And boy, are we having fun now!

CyFanDave:
The key was that the cupboard was BARE when Mac came in. As a fan, it hurt to see us suck so bad, but at least each year-- if not each game-- typically showed incremental positives. You could see the players getting bigger, stronger, and faster. The improvements continued as you saw that we were starting to compete. Again, it was in small increments.

First we could compete in the first half. Then we started playing teams tough through the 3rd quarter before running out of gas. Heck there were even times that we could have/should have won but didn't. Then, we started to beat-up on some of the weak sisters in the pre-conference season and started to play tough Big 12 games well into the fourth quarter. Then the 9-3 season showed that they could turn those 4th quarter losses into actual wins.

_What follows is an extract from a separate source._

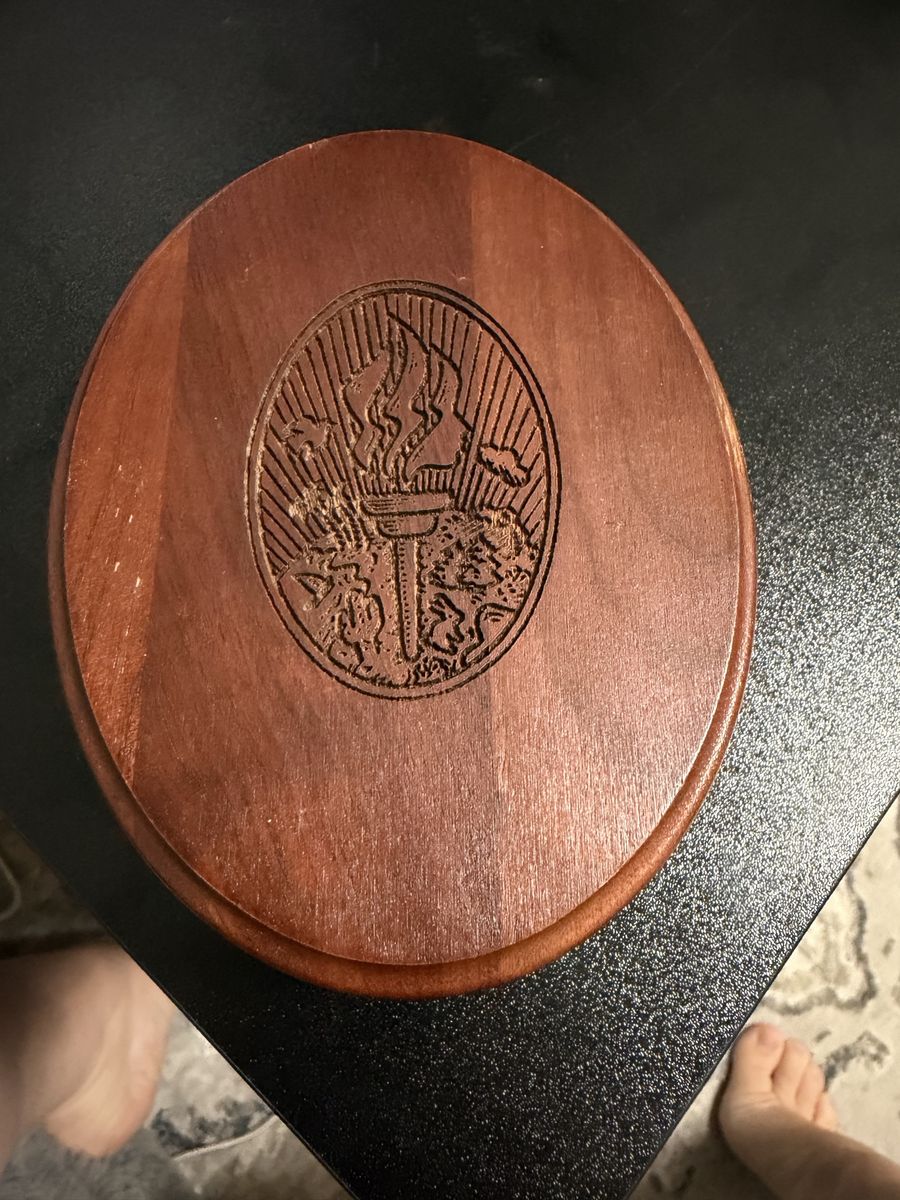 Wooden Torch & Flame Decorative Box with Lid - Round, Engraved Design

The key is patience and having a charismatic and positive attitude, which Mac has. But unlike Walden, you could also see the maturation of the program on the field, too. The number of wins is certainly important, but to allow a program to GROW, you really have to see what is going on inside of the program itself. The wins will come, and the past 3 years have shown this.

It is a slow road, and we're certainly not a nationally-recognized program yet (although the respect is quickly coming). Things sure are getting ex-CY-ting!

Extremely interesting how these comments about feelings experienced during Dan McCarney's first seasons at Iowa State mirror those of some of the Baylor fans' with regard to Kevin Steele. The main difference is "hindsight" which is always "20-20." Had the Iowa State administraion listened to disgruntled fans and pulled the plug after year four, year five probably would have never happened. The question that begs to be asked and answered is "Can Baylor fans, who feel they are just as sure about Kevin Steele as some of these fans were about Dan McCarney, be 100% positive that Kevin Steele can experience the same kinds of successes if given as much time?